As discussed on these pages several times, PwC, along with others of the Big Four accountants, are among the great untouchables of the business universe, and have largely managed to escape any serious flak in the great UK financial services meltdown. The FRC, like the rest of the regulatory system, will not be without potential conflicts of interest as no-one who obtains a senior position in these new watchdog bodies is likely to have done so without some past association with these financial behemoths; indeed half of the FRC's board have been employed by them.
So press releases emphasising that PwC is under the microscope are perhaps a sign of interesting things to come in 2015.

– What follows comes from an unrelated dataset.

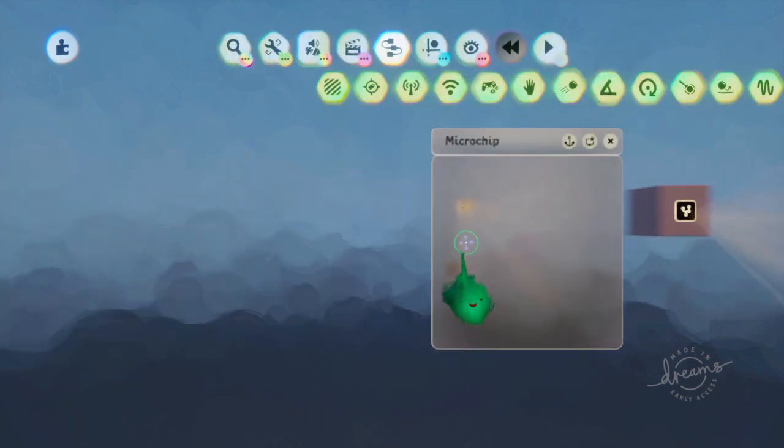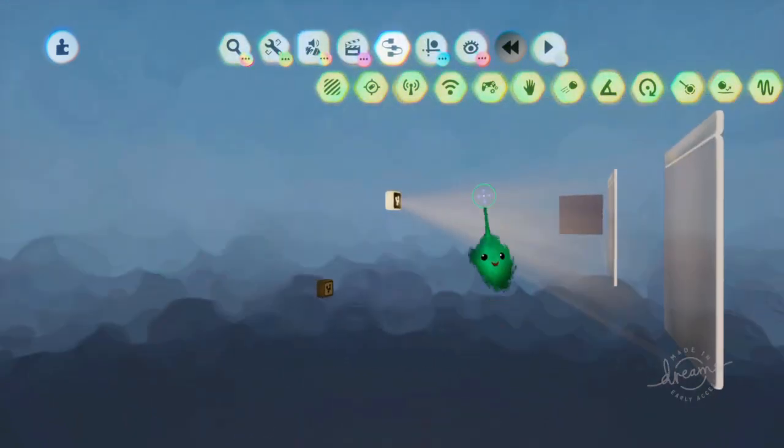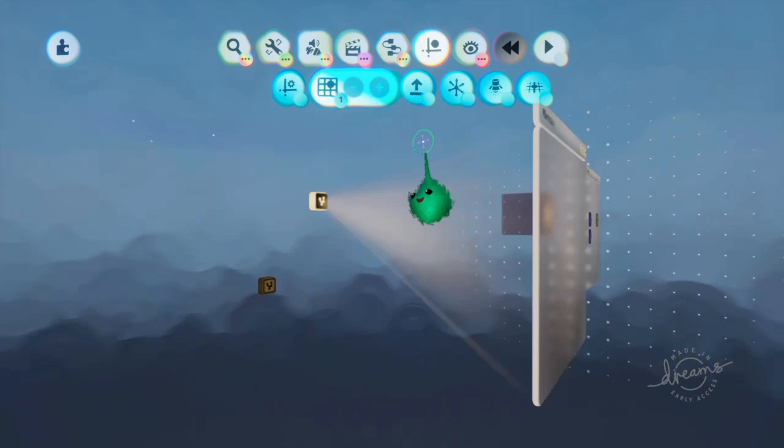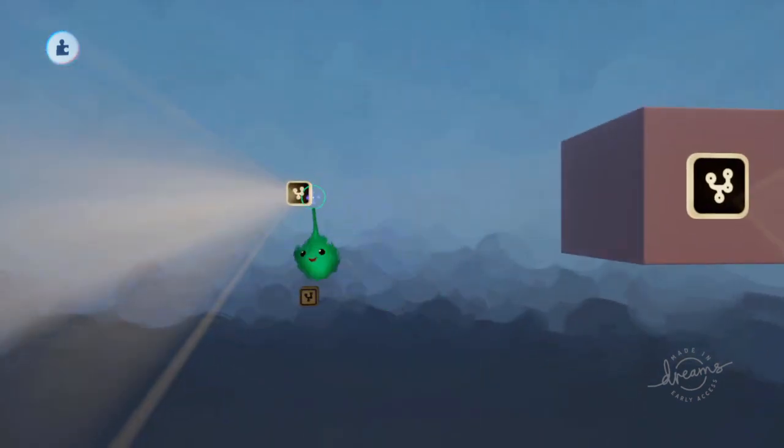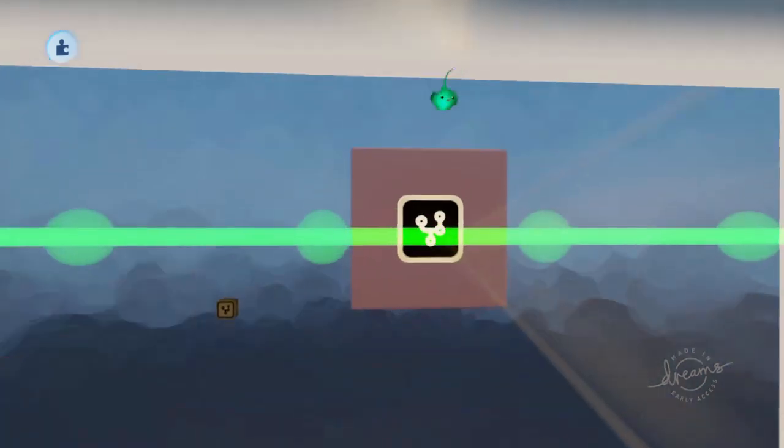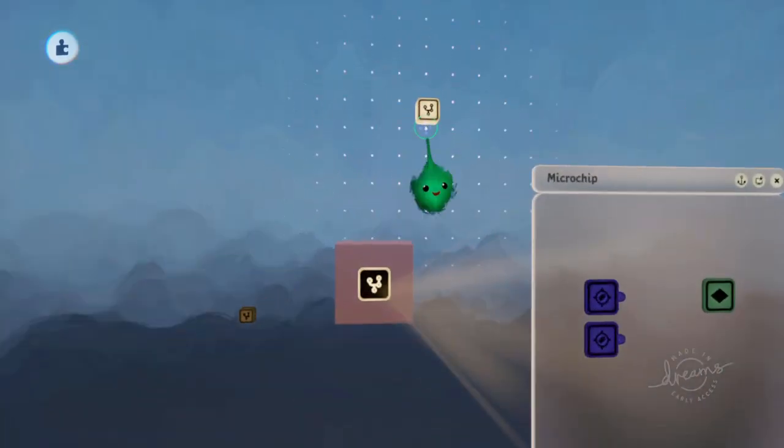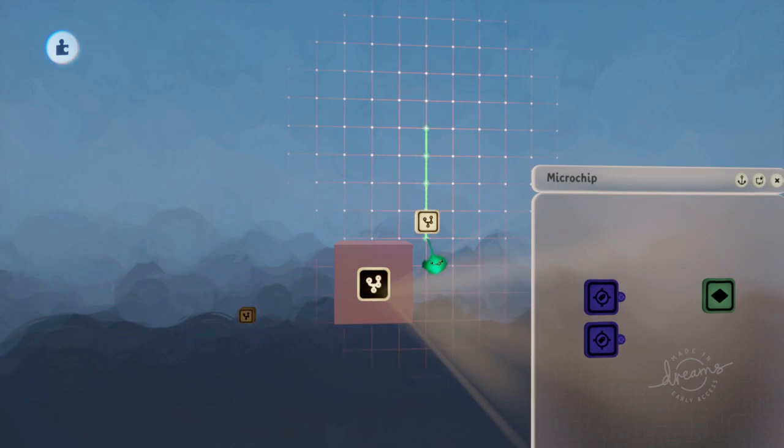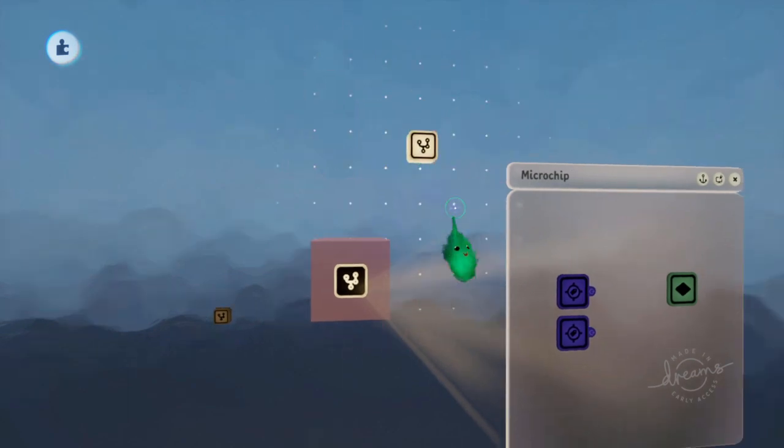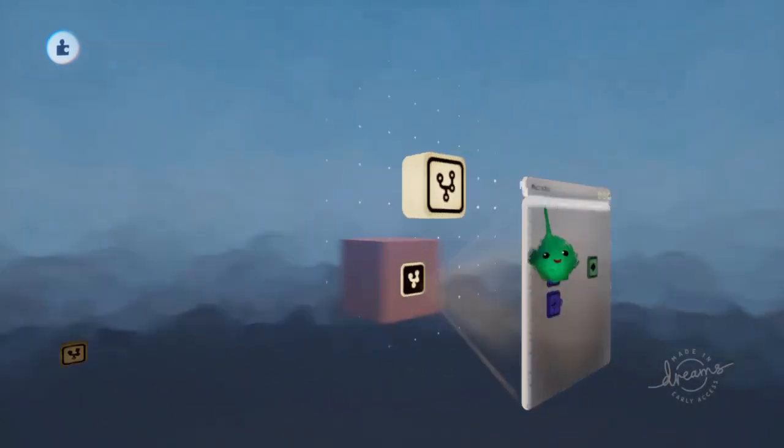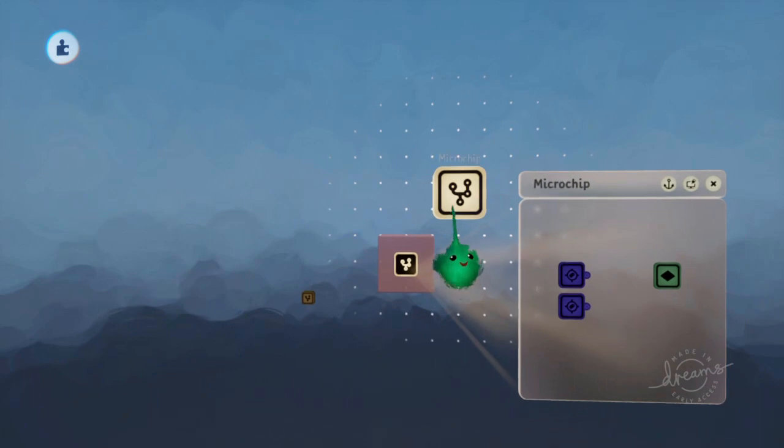So then if we put that chip in a more useful place, like there.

Talking of enforced atonement, this was the week when RBS announced an update on its "robust and widespread accountability review", the contemporary jargon for a witch hunt. It is being led by Jon Pain, a splendid name for RBS's witchfinder general, sorry, "head of conduct and regulatory affairs". The conduct of more than 50 current and former traders has been in the frame, and, "so far, six employees have been placed into a disciplinary process, three of whom are currently suspended, pending continuing investigations".
Pain makes the interesting comment: "We are undertaking a robust and thorough review into the actions of the traders that caused this wrongdoing and the management that oversaw it."
Why interesting? Because Agenda has picked up mutters that there might be scapegoating of juniors, and the "management" mention sounds like a hint this will not be permitted. Subsequent employment tribunals will be as interesting as Pain's findings, which are due in the first quarter of 2015.